[Given records]
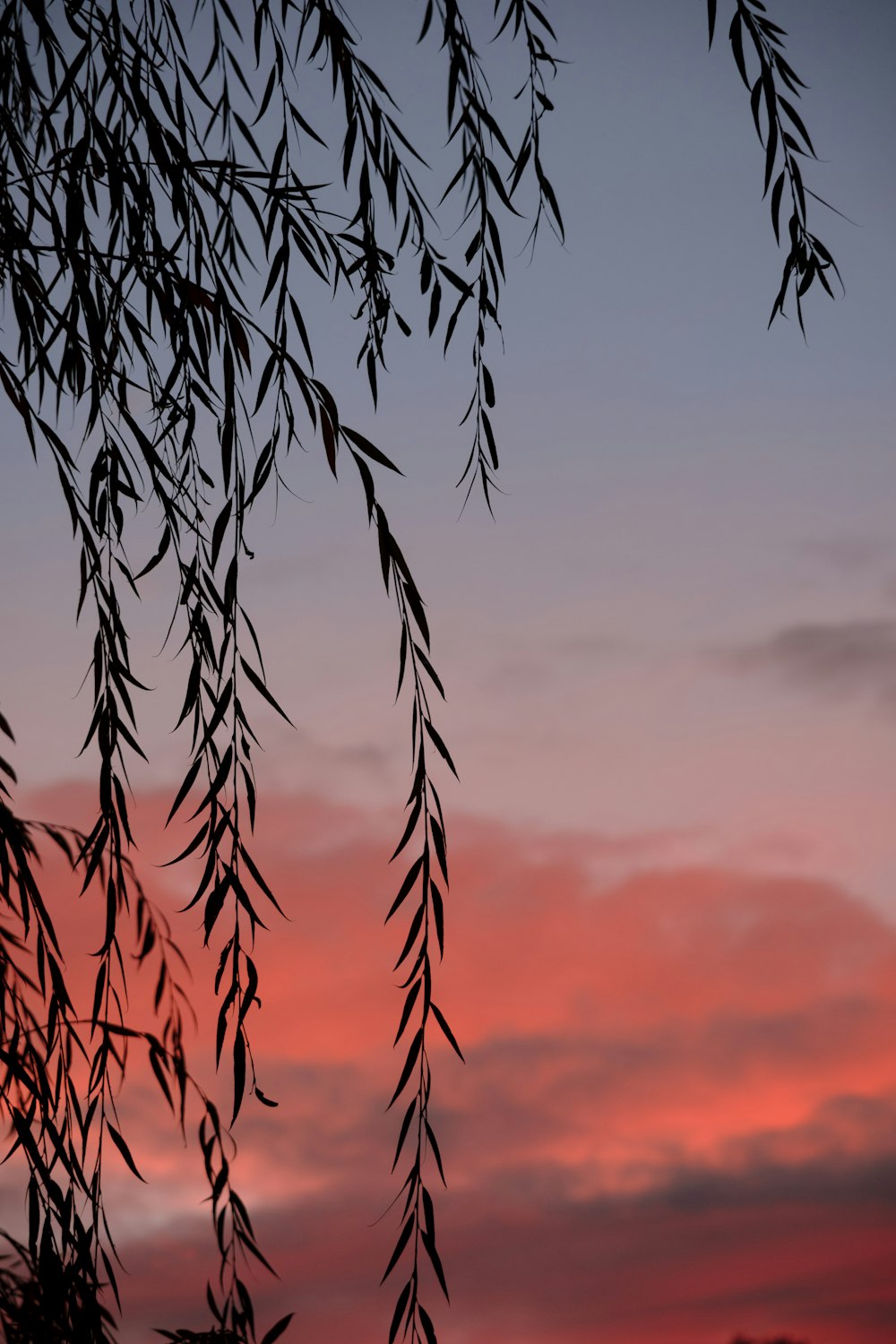 Il sole tramonta dietro i rami di un albero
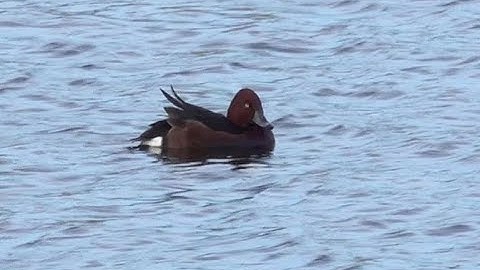 Witoogeend Aythya nyroca, mannetje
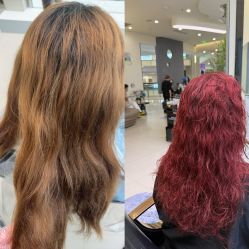 -GANO HAIR 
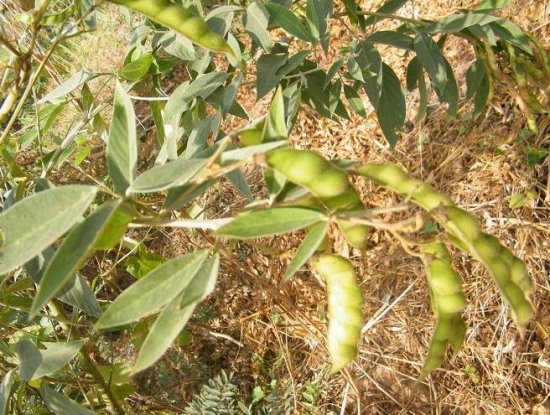 木豆是什么：为豆科植物木豆的种子，原产印度，耐瘠薄干旱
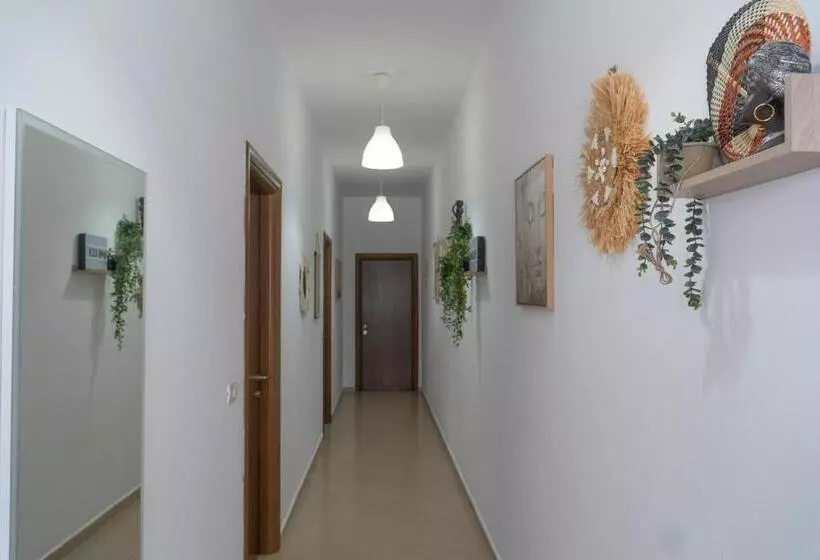 Oleva S Studios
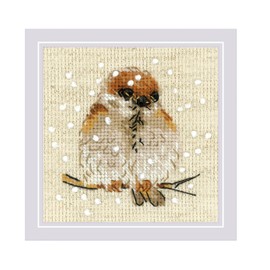 RIOLIS - Passero 1680, Punto croce 10x10cm, Punto croce kit da ricamare, Disegni da ricamare, Embroidery kit, Set punto croce, Kit ricamo punto croce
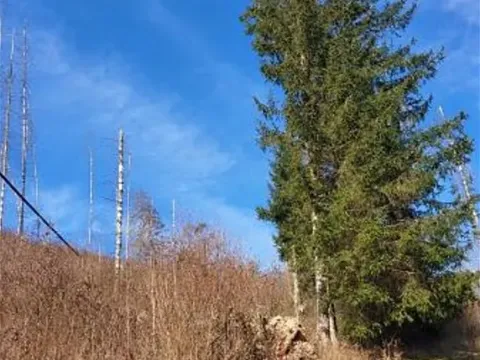 Prodej pozemku, Onšov, 809 m2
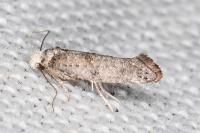 Paraswammerdamia nebulella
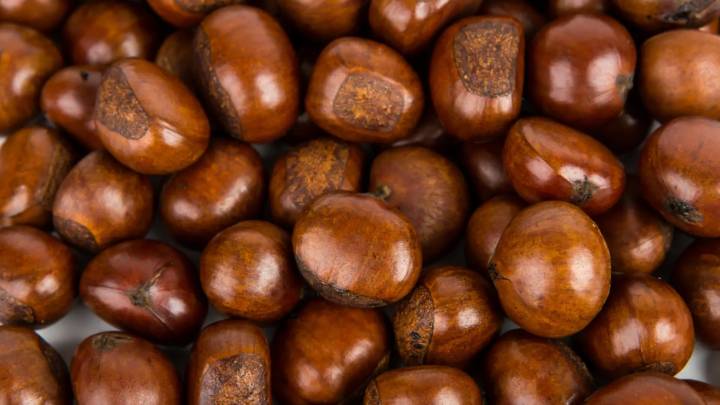 Los mejores lugares para coger castañas cerca de Sevilla este otoño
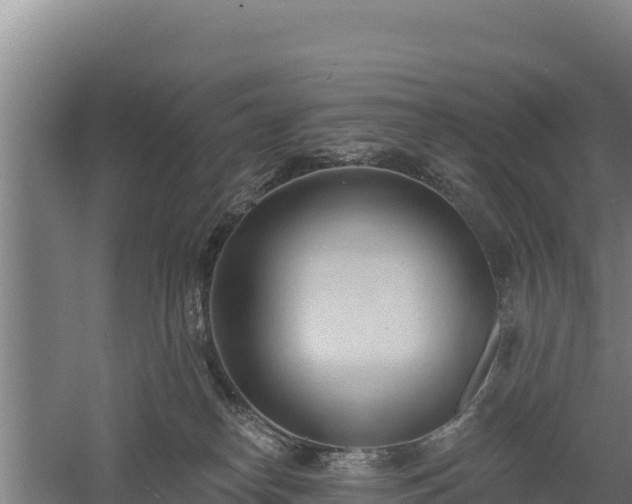 X0000060560182200511101613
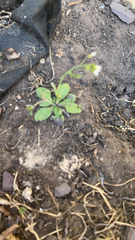 Arabidopsis thaliana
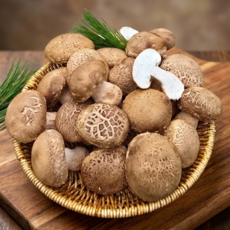 [하루32박스출고] 명품1%산지 가정용 정품 송화버섯, 1개, 2kg (중, 가정용)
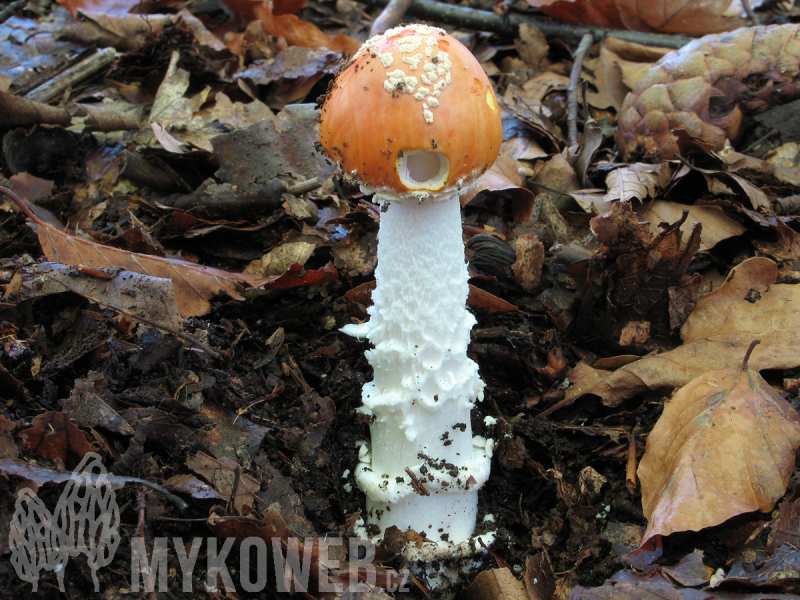 Amanita eliae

[Problem statement] The listing above should be transcribed word for word, with its pictures left out.

[Solution to this exercise]
 Il sole tramonta dietro i rami di un albero
 Witoogeend Aythya nyroca, mannetje
 -GANO HAIR 
 木豆是什么：为豆科植物木豆的种子，原产印度，耐瘠薄干旱
 Oleva S Studios
 RIOLIS - Passero 1680, Punto croce 10x10cm, Punto croce kit da ricamare, Disegni da ricamare, Embroidery kit, Set punto croce, Kit ricamo punto croce
 Prodej pozemku, Onšov, 809 m2
 Paraswammerdamia nebulella
 Los mejores lugares para coger castañas cerca de Sevilla este otoño
 X0000060560182200511101613
 Arabidopsis thaliana
 [하루32박스출고] 명품1%산지 가정용 정품 송화버섯, 1개, 2kg (중, 가정용)
 Amanita eliae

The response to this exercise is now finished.